多言語話者の「頭の中の教科書」6
YouTube(例えばTEDなど)で見る多言語話者が紹介している方法を見聞きされたことがあるだろうか。私も自称語学オタクだがあそこまで、ある意味でぶっ飛んだ方法を試したことはない。外国語が話せると言ってもどれも中途半端と言えば中途半端。でも、そう言う意味では日本語も何十年話していても、何かを読めばまだ知らない言葉に出会うし、いつか完璧になることもないだろうと思ってる。だから外国語ならなおさら中途半端でも、とにかくその時に目の前の人と分かり合えればいいと思う。成長はずっと続くと言う意味では母国語と外国語に違いはない。完璧になったら話せるというものではない。

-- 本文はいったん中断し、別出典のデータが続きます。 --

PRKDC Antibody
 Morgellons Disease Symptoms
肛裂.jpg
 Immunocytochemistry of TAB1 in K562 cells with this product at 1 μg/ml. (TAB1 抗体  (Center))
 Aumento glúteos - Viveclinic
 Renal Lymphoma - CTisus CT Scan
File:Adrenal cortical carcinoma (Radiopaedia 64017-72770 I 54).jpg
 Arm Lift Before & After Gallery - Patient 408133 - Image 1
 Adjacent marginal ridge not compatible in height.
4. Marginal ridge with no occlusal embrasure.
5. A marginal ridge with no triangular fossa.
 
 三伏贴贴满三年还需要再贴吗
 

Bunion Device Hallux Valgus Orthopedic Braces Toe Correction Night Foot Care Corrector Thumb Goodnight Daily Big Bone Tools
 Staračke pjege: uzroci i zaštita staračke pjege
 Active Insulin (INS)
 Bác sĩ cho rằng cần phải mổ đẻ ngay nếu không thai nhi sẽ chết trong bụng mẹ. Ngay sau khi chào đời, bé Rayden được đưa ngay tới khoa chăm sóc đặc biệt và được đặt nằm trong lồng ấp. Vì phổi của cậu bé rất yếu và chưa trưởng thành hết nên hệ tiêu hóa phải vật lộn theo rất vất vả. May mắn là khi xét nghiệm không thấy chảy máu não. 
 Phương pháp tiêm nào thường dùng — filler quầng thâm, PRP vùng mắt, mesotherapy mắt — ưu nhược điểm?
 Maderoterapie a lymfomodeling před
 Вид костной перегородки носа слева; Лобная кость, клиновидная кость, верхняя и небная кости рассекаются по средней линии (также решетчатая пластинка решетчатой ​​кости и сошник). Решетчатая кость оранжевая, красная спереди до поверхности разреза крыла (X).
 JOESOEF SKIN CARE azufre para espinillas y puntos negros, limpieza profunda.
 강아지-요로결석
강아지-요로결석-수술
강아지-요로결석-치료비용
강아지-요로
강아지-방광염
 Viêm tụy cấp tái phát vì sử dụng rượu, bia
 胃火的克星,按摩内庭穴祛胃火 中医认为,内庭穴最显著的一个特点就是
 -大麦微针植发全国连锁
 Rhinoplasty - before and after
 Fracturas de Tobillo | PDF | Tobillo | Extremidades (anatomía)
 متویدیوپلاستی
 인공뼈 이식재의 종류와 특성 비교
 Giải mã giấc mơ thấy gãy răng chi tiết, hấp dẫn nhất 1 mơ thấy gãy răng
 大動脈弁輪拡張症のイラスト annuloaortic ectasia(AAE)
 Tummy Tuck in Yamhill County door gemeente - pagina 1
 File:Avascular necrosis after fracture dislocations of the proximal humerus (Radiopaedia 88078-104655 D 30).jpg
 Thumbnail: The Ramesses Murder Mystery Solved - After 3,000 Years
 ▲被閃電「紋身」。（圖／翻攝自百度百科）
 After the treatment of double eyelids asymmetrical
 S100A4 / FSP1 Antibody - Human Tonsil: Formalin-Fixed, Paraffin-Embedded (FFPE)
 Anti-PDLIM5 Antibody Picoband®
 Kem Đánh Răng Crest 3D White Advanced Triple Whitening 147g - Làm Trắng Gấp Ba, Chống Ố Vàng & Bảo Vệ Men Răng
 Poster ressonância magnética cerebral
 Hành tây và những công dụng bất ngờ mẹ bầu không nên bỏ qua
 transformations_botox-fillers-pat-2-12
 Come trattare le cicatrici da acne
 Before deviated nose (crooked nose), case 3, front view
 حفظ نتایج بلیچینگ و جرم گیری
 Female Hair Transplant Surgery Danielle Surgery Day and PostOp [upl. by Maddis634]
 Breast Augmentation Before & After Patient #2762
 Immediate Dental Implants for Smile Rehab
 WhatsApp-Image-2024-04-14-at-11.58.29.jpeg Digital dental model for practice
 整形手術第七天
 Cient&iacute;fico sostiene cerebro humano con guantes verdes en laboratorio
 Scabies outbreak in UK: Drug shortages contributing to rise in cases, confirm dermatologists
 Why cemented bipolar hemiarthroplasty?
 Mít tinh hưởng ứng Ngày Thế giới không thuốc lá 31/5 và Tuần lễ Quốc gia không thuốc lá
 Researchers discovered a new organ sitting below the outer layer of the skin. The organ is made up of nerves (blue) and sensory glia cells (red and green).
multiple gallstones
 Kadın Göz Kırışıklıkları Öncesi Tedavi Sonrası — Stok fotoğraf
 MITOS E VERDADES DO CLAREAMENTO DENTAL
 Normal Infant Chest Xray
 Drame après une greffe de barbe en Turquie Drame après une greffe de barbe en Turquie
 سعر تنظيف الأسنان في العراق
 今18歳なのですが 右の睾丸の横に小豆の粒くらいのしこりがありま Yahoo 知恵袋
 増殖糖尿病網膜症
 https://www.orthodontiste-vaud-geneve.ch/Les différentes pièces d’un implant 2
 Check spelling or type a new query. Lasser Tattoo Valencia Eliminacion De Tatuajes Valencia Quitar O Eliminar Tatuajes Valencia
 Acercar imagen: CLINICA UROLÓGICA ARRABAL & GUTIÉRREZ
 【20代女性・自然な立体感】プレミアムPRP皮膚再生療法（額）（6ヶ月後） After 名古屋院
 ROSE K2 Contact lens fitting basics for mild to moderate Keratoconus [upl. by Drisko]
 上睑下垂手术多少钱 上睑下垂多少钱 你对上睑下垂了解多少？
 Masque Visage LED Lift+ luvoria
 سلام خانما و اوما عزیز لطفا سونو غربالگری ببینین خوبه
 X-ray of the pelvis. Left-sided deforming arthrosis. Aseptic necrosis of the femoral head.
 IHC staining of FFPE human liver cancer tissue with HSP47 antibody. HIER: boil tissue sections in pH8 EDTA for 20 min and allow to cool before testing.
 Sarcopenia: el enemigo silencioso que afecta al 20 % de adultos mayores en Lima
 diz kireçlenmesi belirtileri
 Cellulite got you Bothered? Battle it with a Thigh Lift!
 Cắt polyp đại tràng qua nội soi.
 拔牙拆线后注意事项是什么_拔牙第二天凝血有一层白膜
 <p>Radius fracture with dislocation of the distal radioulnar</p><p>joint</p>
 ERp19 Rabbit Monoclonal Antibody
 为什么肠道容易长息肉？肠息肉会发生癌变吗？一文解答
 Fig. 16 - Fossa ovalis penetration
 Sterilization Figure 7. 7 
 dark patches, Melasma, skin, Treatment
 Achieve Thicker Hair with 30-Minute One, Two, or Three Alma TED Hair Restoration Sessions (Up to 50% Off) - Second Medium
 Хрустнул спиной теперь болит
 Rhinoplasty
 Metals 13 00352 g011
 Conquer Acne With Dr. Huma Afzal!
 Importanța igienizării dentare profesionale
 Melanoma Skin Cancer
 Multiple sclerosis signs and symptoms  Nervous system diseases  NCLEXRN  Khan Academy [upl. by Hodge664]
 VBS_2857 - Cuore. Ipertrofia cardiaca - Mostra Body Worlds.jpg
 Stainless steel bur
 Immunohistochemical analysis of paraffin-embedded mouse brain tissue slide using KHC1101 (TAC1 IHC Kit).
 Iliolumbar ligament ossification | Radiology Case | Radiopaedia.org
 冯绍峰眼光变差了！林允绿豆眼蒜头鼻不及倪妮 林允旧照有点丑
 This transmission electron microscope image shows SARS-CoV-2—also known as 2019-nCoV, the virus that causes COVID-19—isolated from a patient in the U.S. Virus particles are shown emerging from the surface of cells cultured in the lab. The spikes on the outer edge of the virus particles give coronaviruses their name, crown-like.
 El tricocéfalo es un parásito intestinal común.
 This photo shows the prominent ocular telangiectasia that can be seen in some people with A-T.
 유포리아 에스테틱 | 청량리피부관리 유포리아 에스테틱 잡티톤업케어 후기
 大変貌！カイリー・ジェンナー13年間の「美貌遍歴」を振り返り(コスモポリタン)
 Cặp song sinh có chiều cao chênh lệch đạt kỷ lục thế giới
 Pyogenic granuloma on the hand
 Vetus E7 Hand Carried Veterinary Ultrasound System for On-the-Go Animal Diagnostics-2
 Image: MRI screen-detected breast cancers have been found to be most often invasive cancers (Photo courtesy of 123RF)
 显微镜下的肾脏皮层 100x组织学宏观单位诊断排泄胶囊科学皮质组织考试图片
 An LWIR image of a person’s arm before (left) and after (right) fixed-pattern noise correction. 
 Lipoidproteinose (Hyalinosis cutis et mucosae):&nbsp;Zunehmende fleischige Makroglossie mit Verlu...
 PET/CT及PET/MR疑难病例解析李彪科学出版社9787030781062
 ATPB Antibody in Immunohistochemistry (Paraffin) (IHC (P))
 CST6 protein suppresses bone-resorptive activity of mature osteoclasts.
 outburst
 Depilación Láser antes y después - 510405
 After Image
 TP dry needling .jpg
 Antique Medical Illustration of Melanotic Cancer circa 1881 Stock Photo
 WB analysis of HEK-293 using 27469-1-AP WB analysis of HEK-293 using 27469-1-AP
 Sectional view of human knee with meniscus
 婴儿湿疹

私が日々接している多言語話者はTEDに出てくるような天才的な?「ど」がつくような語学オタクではなく、ごく普通の日本で働いているビジネスパーソンだ。つまり1週間のほとんどは仕事をせねばならず、出張もあり毎週レッスンを受けられるわけでもない。そう言う意味で取り組んでみる方法としては、より現実的だろうと思う。
今の私の生徒さんの一人は典型的な多言語話者の「学びの型」を持っている。彼女のレッスンを記録としてその段階を少しずつリポートとしてここにまとめている。完全な初心者、全く日本語が話せない状態からレッスンを始め、半年が経過。
週に一回1時間のレッスンだ。ご多忙なので毎週できるわけでもないと言う状況。
前の記事でも紹介しているがレッスンの冒頭から私に促されずとも自分から話し始める。先週、自分が何をしたか。夏休みの予定。過去形で現在形で。細かい補足説明のような部分は早口で英語でチャチャっと言う。書いてあるものを読んでいるわけではなく、その時に頭の中に思い浮かぶ自分の考えをそのまま直接、日本語化して発音している。それがきちんと言えるかを確かめるかのようにとても集中して話しているのが伝わってくる。もちろん小さな言い間違いやゆっくりな部分はある。でも、100人の日本人が聞いたら90人以上は理解できるだろうと思われる精度だ。その精度が毎回少しずつ上がっているのがわかる。とにかく集中力が高い。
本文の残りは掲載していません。